Unlike VPN, ZTNA is not bound by infrastructure or a location. It is a cloud-based service whereby you can have the flexibility of scaling up and down on a needs-by-needs basis. Behind the scene, your service provider will take care of the underlying infrastructure and maintenance. Your IT team will be relieved from capacity planning, hardware/software ordering, deployment and ongoing maintenance.

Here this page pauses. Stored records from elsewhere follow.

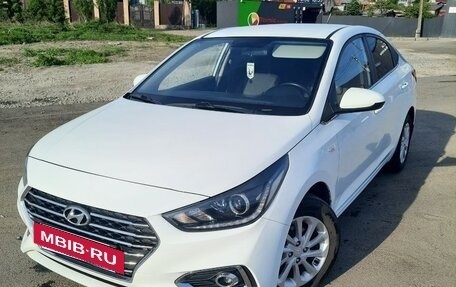 Hyundai Solaris II рестайлинг, 2017 год, 1 270 000 рублей, 3 фотография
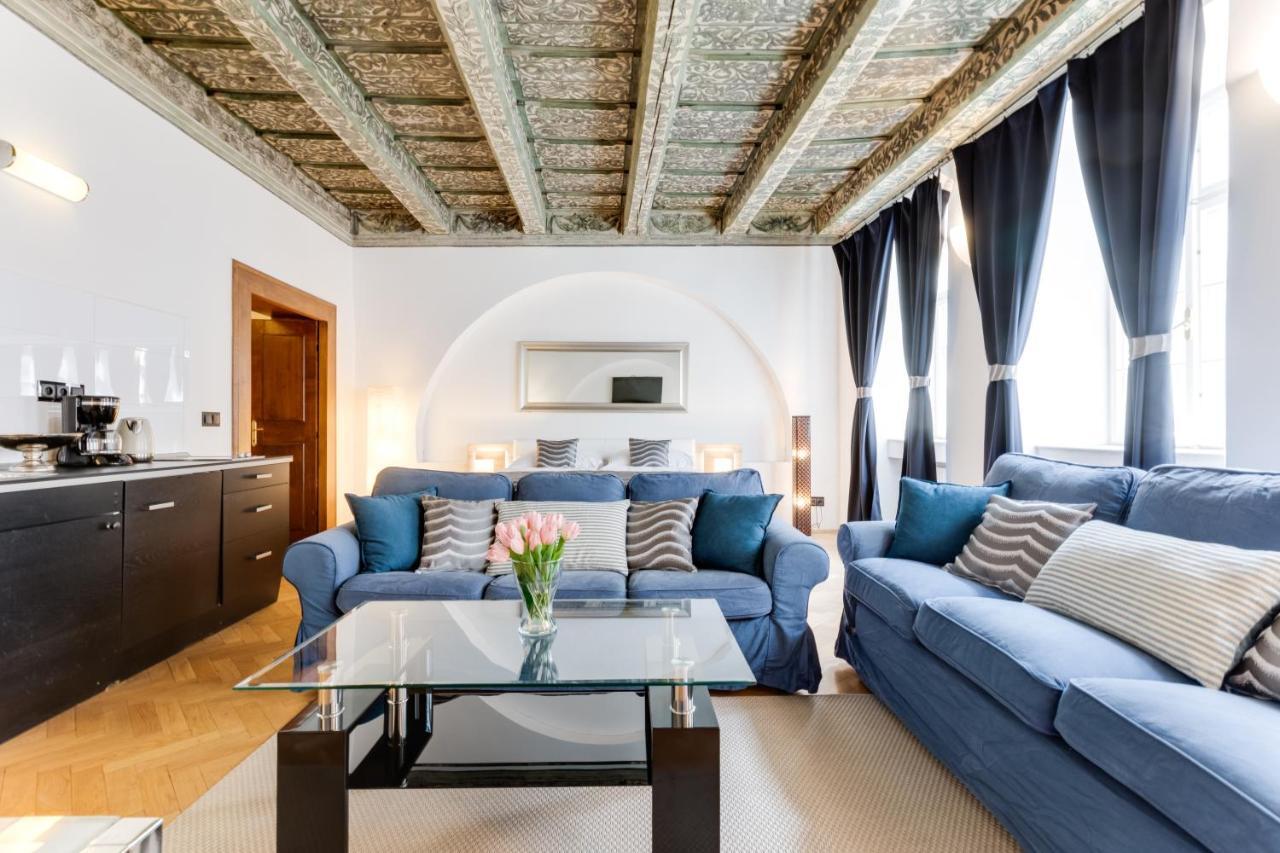 Charles Bridge Royal Apartments - Castle District Prague Ngoại thất bức ảnh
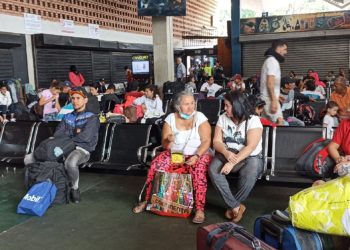 En Táchira viajeros se quejan por los altos precios de los pasajes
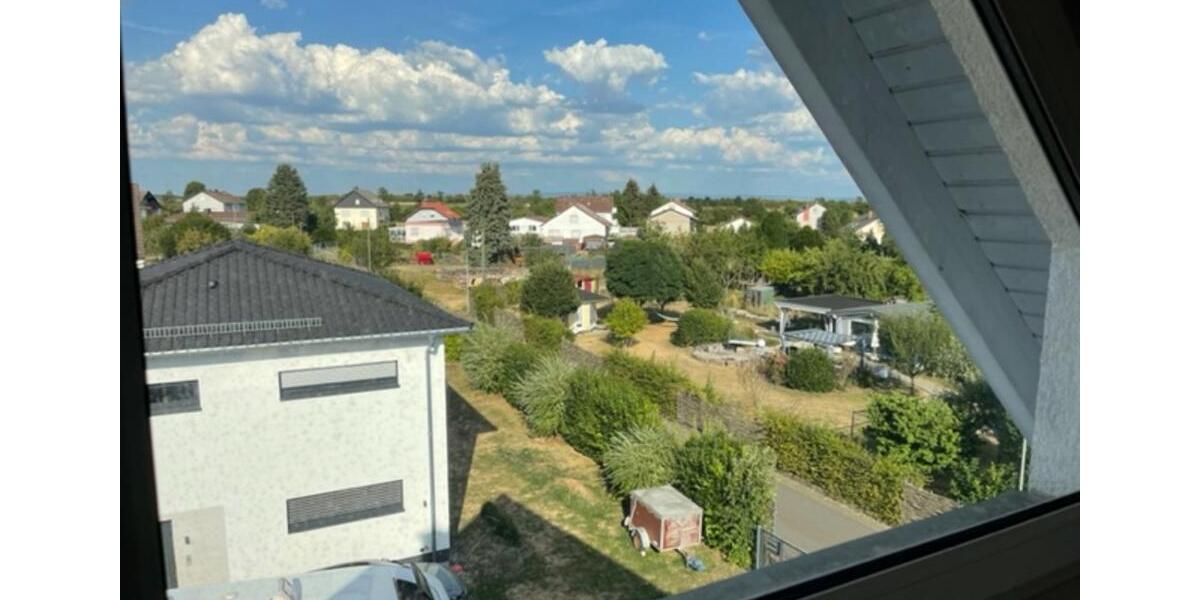 Dachgeschoßwohnung Pohlheim - 1 Zimmer, 35 m&sup2;, 300&euro; | Angebot:25767030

How does ZTNA relate to SASE?

The SASE architecture aims to address network and security issues relating to the increasing reliance on the Cloud and mobility adoption. SASE enables applications and services to reside in the Cloud and on-prem, and permit users to work anywhere. The two critical elements of SASEtecture are identity-driven and securing all edges, including the mobile workforce. As part of the core features of SASE, ZTNA provides identity-based authentication, context-based access control and secure remote access from a mobile workforce.

Taking you further…

Whether you are looking at a standalone ZTNA solution or a full SASE architecture, you should also consider inspection capability. A ZTNA solution should not just play the role of granting user access, but also continuously monitor user traffic for any abnormal or malicious activity. Another aspect to look at is how well you can integrate your existing solutions and minimise complexity and silos. ZTNA will not cover every security aspect, but it should form part of your collective solutions to achieve better cybersecurity.